However, as me2 mentioned, wear-environment is critical to consider. If the abrasive particles in the medium being cut are quite large (much larger than the small distributed carbides), then the carbide "plates" provide effective protection and the abrasive cannot cut into the surface and plough away matrix of gouge out carbides as easily. However, if the abrasive particles are relatively small, they might cut between the carbides and so gouge away the matrix and leave the carbides with llittle 'binder' to hold them in place, resulting in faster wear (though still MUCH slower than if there were no carbides at all). In contrast, large carbides generally require that much more "binder" be removed around them before they lose adherence, and small abrasive particles cannot reach deep enough around the carbide to increase wear, they must first wear-down the carbide itself, so resistance is increased.

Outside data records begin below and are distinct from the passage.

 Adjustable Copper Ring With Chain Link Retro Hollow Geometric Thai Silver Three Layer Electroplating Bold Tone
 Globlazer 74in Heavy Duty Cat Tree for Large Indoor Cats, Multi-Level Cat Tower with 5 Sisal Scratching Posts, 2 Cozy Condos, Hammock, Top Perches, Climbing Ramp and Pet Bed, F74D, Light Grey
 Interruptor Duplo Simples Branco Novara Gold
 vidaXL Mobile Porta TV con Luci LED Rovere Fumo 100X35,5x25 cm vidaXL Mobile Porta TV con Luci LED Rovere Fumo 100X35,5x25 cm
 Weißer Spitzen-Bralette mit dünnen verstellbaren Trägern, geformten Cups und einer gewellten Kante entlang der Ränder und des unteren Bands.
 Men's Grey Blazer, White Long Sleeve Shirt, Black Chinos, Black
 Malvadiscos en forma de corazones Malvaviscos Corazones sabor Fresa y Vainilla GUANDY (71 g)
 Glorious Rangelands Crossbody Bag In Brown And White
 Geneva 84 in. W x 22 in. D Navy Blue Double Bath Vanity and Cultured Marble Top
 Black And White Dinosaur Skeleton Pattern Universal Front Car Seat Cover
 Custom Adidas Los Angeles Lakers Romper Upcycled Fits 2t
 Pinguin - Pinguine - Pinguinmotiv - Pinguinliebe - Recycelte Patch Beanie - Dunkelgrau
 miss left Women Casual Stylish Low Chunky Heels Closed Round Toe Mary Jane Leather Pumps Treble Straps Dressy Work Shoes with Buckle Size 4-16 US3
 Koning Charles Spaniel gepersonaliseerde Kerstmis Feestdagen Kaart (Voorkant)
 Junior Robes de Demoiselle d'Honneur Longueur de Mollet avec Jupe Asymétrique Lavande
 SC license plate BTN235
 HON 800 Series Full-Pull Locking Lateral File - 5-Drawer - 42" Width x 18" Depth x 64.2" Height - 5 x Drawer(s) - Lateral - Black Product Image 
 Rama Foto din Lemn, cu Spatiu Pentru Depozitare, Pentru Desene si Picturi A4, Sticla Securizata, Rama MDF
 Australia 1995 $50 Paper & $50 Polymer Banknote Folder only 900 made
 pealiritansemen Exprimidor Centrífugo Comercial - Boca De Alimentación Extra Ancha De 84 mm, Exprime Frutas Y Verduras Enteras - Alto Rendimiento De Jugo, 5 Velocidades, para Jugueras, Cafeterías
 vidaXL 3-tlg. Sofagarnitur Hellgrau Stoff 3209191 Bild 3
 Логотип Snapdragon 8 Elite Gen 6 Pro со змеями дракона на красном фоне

But if the carbides are quite large, they can gouge deep into the matrix around the large carbide and also impact it with sufficient mass to dislodge it, resulting in much quicker tear-out.
As a curious result of this, one can use the different behaviors to maximize performance not just in use but in manufacture. Large-particle low-grit abrasives are actually more effective at grinding down large-carbide materials vs. small-carbide of the same volume, easing rough shaping of the tool. However, one must then progress to finer abrasives more slowly in order carefully work down the surface/apex in uniform fashion that doesn't leave large craters from carbides tearing out during the low-grit grinding. With small-carbide materials, the behavior toward changes in grit-size is more uniform & predictable. Large particles can chip/flake off large sections of material if the carbide volume is too high, but these are usually less deep so it is easier to polish the surface as one proceeds to finer grits - again, the wear-resistance advantage of small well-distributed carbides.
I don't believe in abrasion wear in modern knives.
I think that most wear is micro and macro deformation, from various sources.
Our hand cutting is not industry cutting. We use different forces, angles, and cut different materials.
Materials are not uniform. We bend, we chip, we roll the edge. We do not use any standard "wear".
Therefore knives with highest hardness and good edge stability works best.